§ **Instructions to follow**: All that is needed is the run of lines from the top of the entries to the line with "Fototapeta na wymiar", that line included, repeated exactly and free of pictures.

§ **Records supplied**:

--

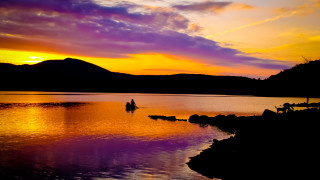 Lake sunset mountains boat person - the background and a person free wallpaper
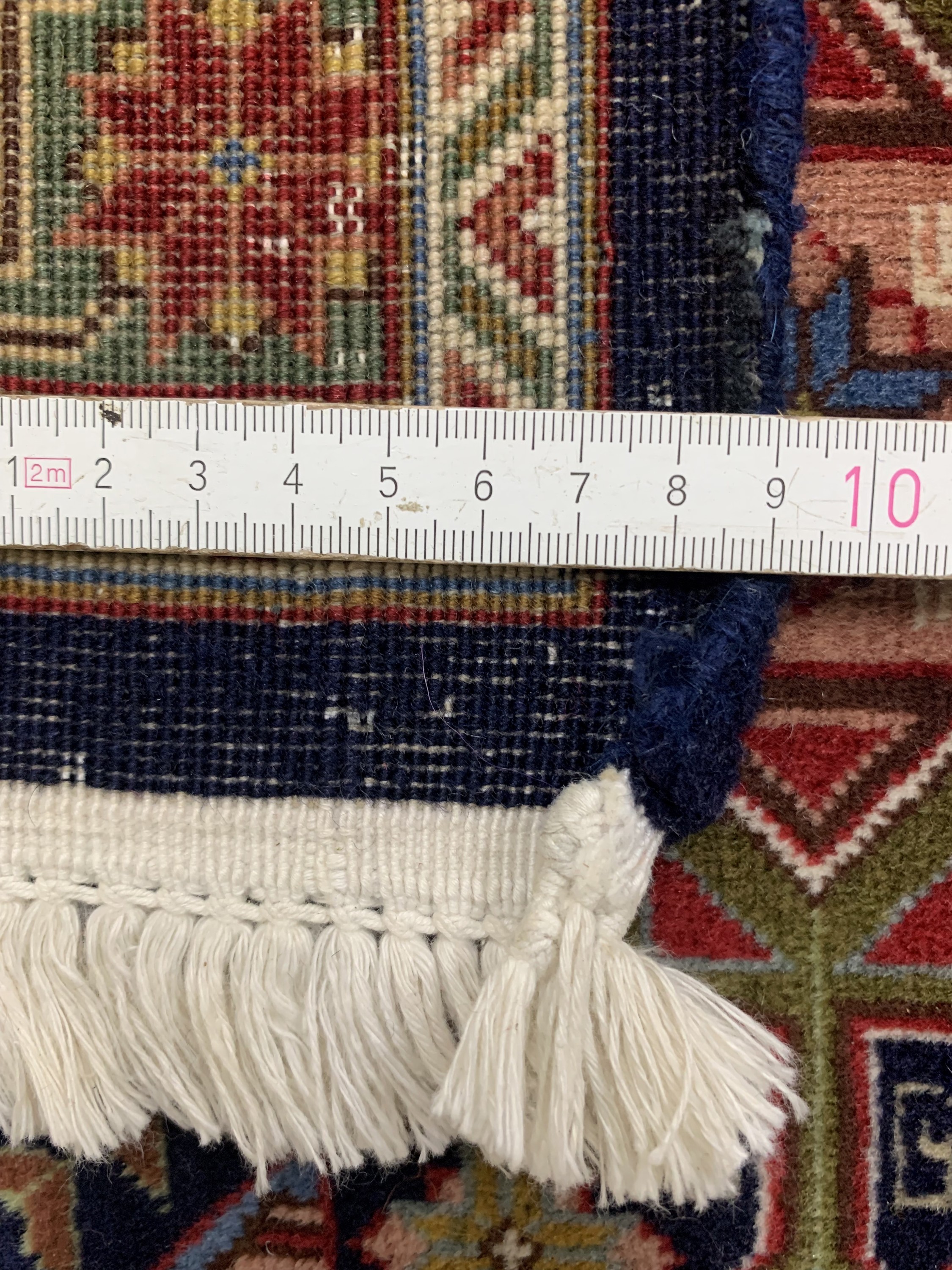Detail i: Täbriz fein(50 Raj), Persien, Mitte 20.Jhd,Korkwolle auf Baumwolle, ca. 323 x 250 cm, ca.500.000 Kn/qm, gereinigt, EHZ: 2(Mottenfraß)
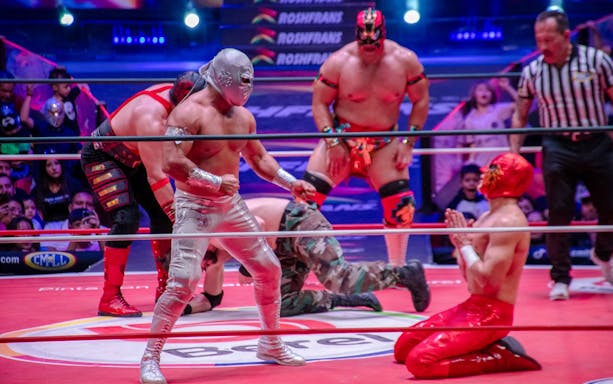 Wrestlers in colorful masks and costumes performing in a lucha libre match in Mexico.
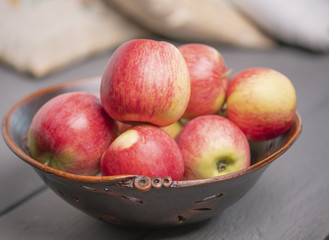 Fototapeta na wymiar Красные деревенские яблоки в старой вазе на сером столе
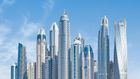 A city skyline with a lot of tall buildings against a blue sky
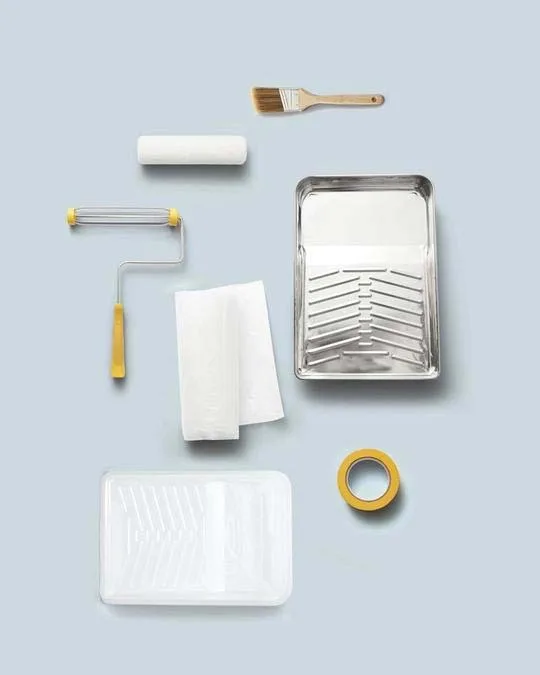 Paint roller, brush, trays, tape and cloths on a blue background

--

§ **Solution to this exercise**:
 Lake sunset mountains boat person - the background and a person free wallpaper
Detail i: Täbriz fein(50 Raj), Persien, Mitte 20.Jhd,Korkwolle auf Baumwolle, ca. 323 x 250 cm, ca.500.000 Kn/qm, gereinigt, EHZ: 2(Mottenfraß)
 Wrestlers in colorful masks and costumes performing in a lucha libre match in Mexico.
 Fototapeta na wymiar Красные деревенские яблоки в старой вазе на сером столе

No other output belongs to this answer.